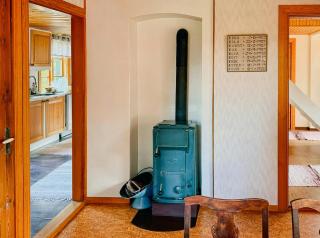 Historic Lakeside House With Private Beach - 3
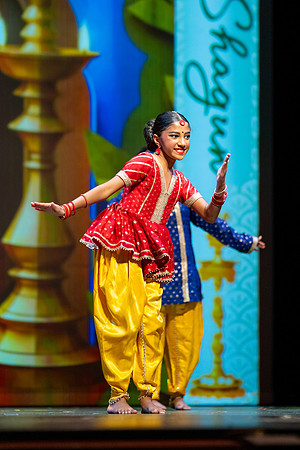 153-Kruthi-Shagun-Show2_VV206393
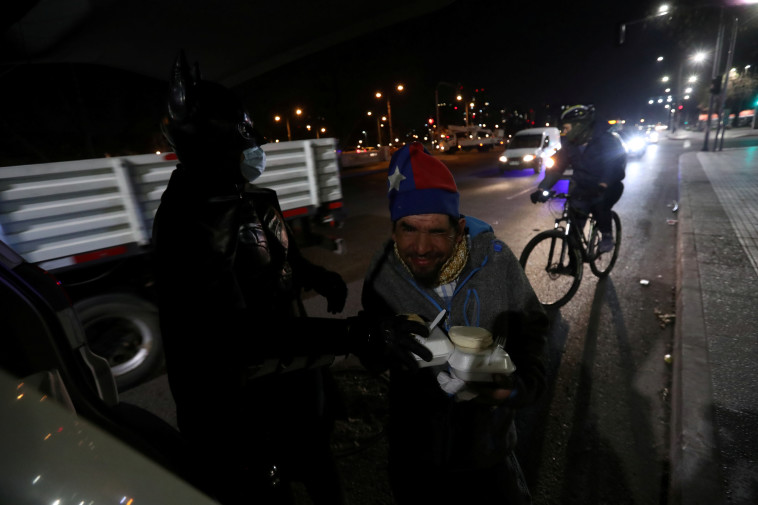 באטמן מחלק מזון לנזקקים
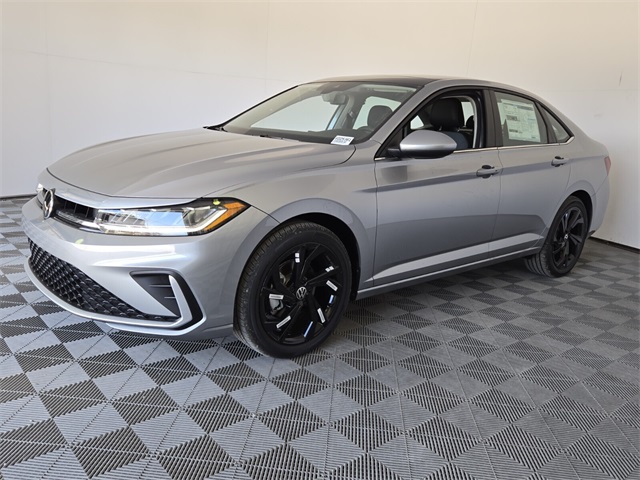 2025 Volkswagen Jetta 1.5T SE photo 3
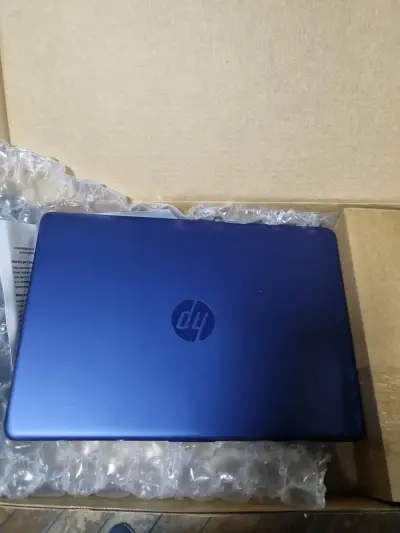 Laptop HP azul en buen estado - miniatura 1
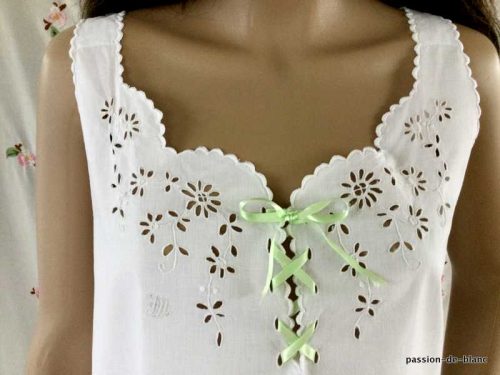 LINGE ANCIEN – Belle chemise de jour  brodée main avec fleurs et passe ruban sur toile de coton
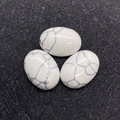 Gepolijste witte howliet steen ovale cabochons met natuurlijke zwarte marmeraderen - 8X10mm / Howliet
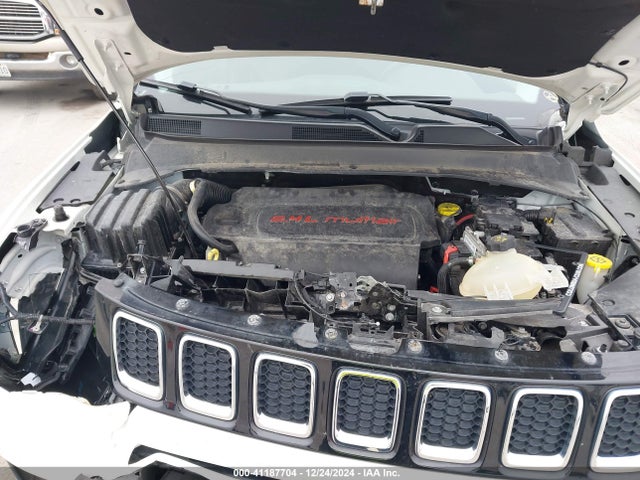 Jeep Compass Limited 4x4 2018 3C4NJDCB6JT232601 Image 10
********************
### Activity
Keep the pictures out and transcribe the listing exactly.

### Written solution
 Historic Lakeside House With Private Beach - 3
 153-Kruthi-Shagun-Show2_VV206393
 באטמן מחלק מזון לנזקקים
 2025 Volkswagen Jetta 1.5T SE photo 3
 Laptop HP azul en buen estado - miniatura 1
 LINGE ANCIEN – Belle chemise de jour  brodée main avec fleurs et passe ruban sur toile de coton
 Gepolijste witte howliet steen ovale cabochons met natuurlijke zwarte marmeraderen - 8X10mm / Howliet
 Jeep Compass Limited 4x4 2018 3C4NJDCB6JT232601 Image 10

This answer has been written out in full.